◆ TASK PROMPT: In the records that follow, find the line containing "For Sale - (€" and the line containing "Freeze Dried Dog", then transcribe both and every line between them exactly, omitting pictures.

◆ RECORDS FOR THIS TASK:

=====

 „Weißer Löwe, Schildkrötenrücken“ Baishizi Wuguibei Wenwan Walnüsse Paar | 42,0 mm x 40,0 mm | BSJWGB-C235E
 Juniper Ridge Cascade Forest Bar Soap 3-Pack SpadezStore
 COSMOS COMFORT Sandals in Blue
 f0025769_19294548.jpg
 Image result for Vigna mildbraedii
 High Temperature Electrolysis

=====

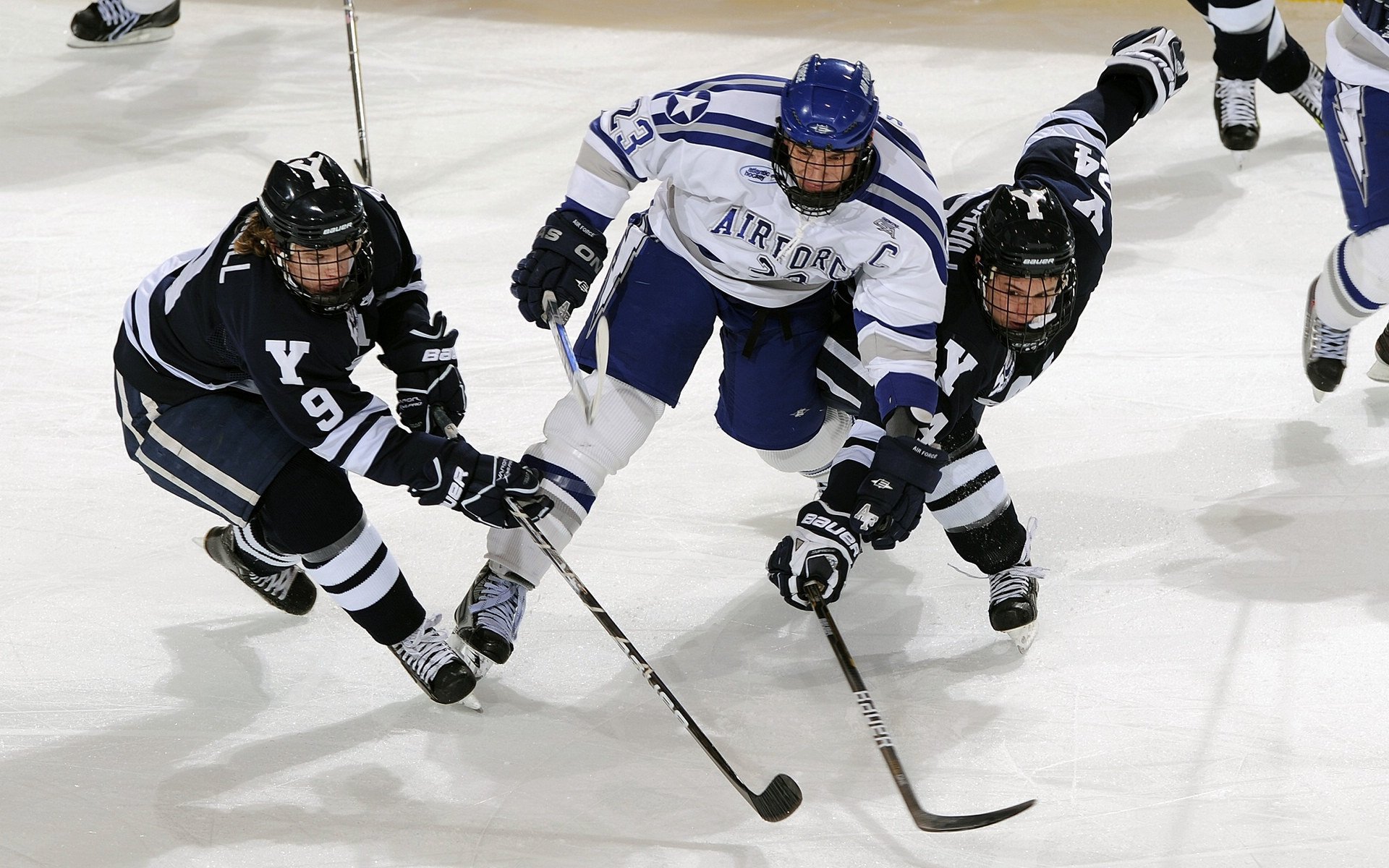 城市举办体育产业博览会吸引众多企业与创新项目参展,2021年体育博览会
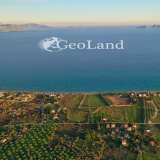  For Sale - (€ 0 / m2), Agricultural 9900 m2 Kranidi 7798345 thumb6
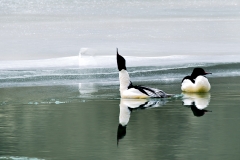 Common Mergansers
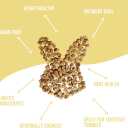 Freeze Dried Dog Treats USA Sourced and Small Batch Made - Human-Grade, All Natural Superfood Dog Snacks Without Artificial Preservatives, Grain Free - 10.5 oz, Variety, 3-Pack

=====

◆ OUTPUT FOR THIS TASK:
  For Sale - (€ 0 / m2), Agricultural 9900 m2 Kranidi 7798345 thumb6
 Common Mergansers
 Freeze Dried Dog Treats USA Sourced and Small Batch Made - Human-Grade, All Natural Superfood Dog Snacks Without Artificial Preservatives, Grain Free - 10.5 oz, Variety, 3-Pack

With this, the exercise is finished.